Provided by: zfsutils-linux_2.2.6-1ubuntu2_amd64 bug

NAME

     zpoolconcepts — overview of ZFS storage pools

DESCRIPTION

   Virtual Devices (vdevs)
     A "virtual device" describes a single device or a collection of devices, organized according
     to certain performance and fault characteristics.  The following virtual devices are
     supported:

     disk     A block device, typically located under /dev.  ZFS can use individual slices or
              partitions, though the recommended mode of operation is to use whole disks.  A disk
              can be specified by a full path, or it can be a shorthand name (the relative
              portion of the path under /dev).  A whole disk can be specified by omitting the
              slice or partition designation.  For example, sda is equivalent to /dev/sda.  When
              given a whole disk, ZFS automatically labels the disk, if necessary.

     file     A regular file.  The use of files as a backing store is strongly discouraged.  It
              is designed primarily for experimental purposes, as the fault tolerance of a file
              is only as good as the file system on which it resides.  A file must be specified
              by a full path.

     mirror   A mirror of two or more devices.  Data is replicated in an identical fashion across
              all components of a mirror.  A mirror with N disks of size X can hold X bytes and
              can withstand N-1 devices failing, without losing data.

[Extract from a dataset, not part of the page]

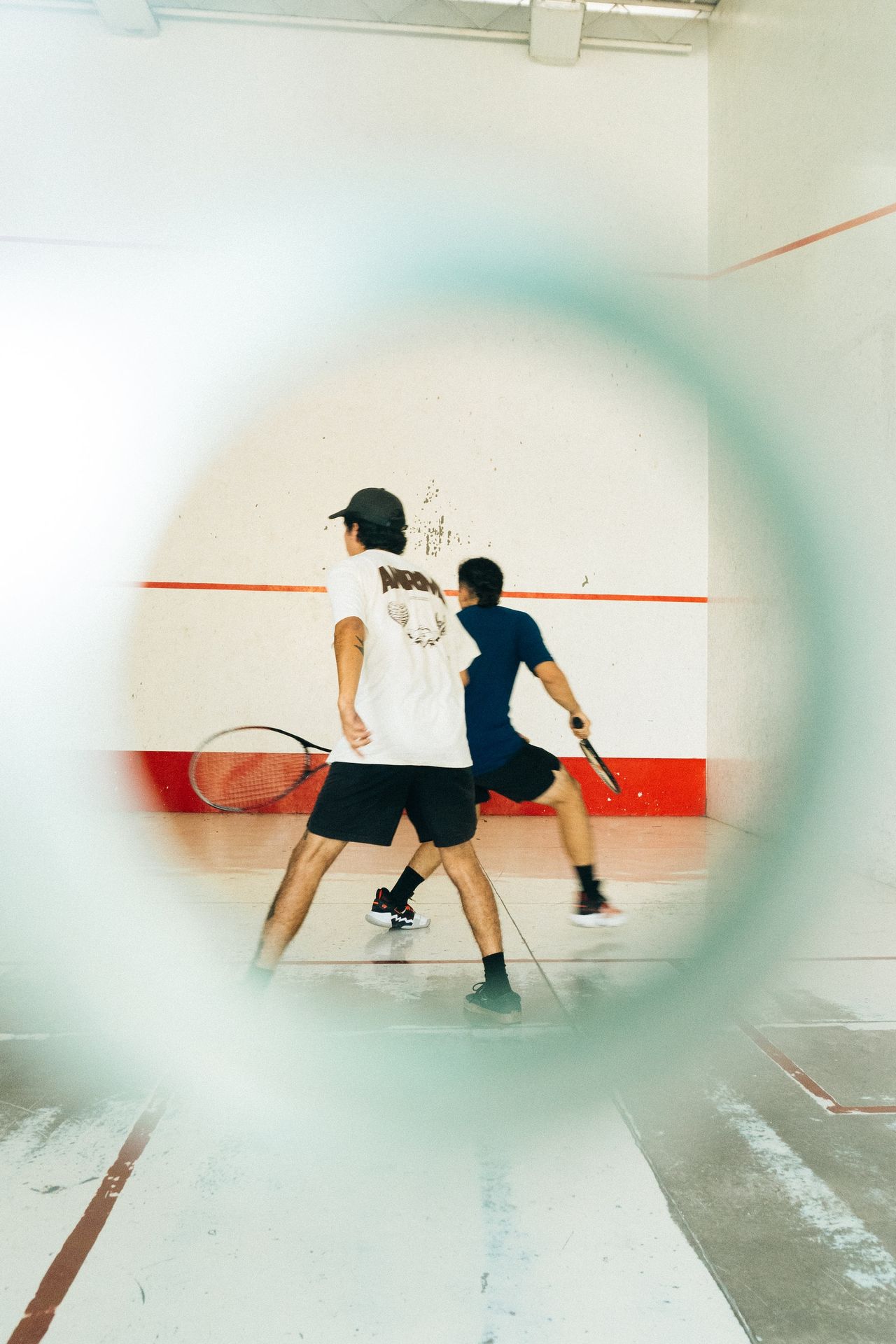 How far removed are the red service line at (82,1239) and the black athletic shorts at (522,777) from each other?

     raidz, raidz1, raidz2, raidz3
              A distributed-parity layout, similar to RAID-5/6, with improved distribution of
              parity, and which does not suffer from the RAID-5/6 "write hole", (in which data
              and parity become inconsistent after a power loss).  Data and parity is striped
              across all disks within a raidz group, though not necessarily in a consistent
              stripe width.

              A raidz group can have single, double, or triple parity, meaning that the raidz
              group can sustain one, two, or three failures, respectively, without losing any
              data.  The raidz1 vdev type specifies a single-parity raidz group; the raidz2 vdev
              type specifies a double-parity raidz group; and the raidz3 vdev type specifies a
              triple-parity raidz group.  The raidz vdev type is an alias for raidz1.

              A raidz group with N disks of size X with P parity disks can hold approximately
              (N-P)*X bytes and can withstand P devices failing without losing data.  The minimum
              number of devices in a raidz group is one more than the number of parity disks.
              The recommended number is between 3 and 9 to help increase performance.

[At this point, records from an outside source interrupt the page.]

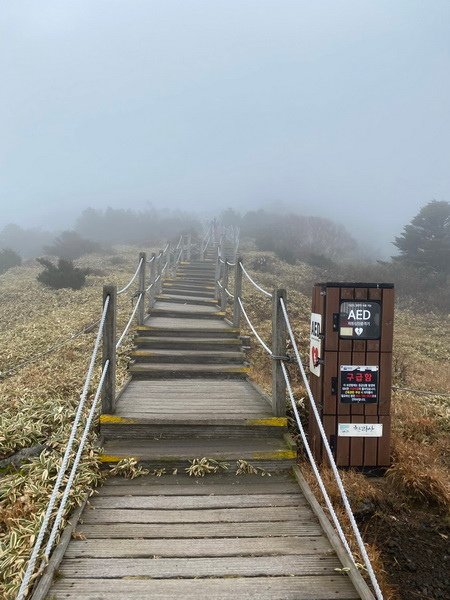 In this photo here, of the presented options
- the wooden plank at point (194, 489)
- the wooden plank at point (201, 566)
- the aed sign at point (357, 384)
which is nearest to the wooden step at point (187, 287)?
the aed sign at point (357, 384)

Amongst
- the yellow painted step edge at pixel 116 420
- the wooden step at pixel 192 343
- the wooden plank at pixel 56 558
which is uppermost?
the wooden step at pixel 192 343

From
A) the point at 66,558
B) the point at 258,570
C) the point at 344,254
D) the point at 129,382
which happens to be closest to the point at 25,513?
the point at 66,558

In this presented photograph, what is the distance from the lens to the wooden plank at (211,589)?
244 centimetres

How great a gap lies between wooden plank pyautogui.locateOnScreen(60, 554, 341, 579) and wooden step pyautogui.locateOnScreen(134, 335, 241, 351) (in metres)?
4.37

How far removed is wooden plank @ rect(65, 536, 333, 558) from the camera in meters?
2.80

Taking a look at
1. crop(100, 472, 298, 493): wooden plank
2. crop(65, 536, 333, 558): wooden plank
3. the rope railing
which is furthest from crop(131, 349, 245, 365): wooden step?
crop(65, 536, 333, 558): wooden plank

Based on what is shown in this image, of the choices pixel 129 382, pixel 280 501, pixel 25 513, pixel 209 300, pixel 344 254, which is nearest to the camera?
pixel 25 513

     draid, draid1, draid2, draid3
              A variant of raidz that provides integrated distributed hot spares, allowing for
              faster resilvering, while retaining the benefits of raidz.  A dRAID vdev is
              constructed from multiple internal raidz groups, each with D data devices and P
              parity devices.  These groups are distributed over all of the children in order to
              fully utilize the available disk performance.

              Unlike raidz, dRAID uses a fixed stripe width (padding as necessary with zeros) to
              allow fully sequential resilvering.  This fixed stripe width significantly affects
              both usable capacity and IOPS.  For example, with the default D=8 and 4 KiB disk
              sectors the minimum allocation size is 32 KiB.  If using compression, this
              relatively large allocation size can reduce the effective compression ratio.  When
              using ZFS volumes (zvols) and dRAID, the default of the volblocksize property is
              increased to account for the allocation size.  If a dRAID pool will hold a
              significant amount of small blocks, it is recommended to also add a mirrored
              special vdev to store those blocks.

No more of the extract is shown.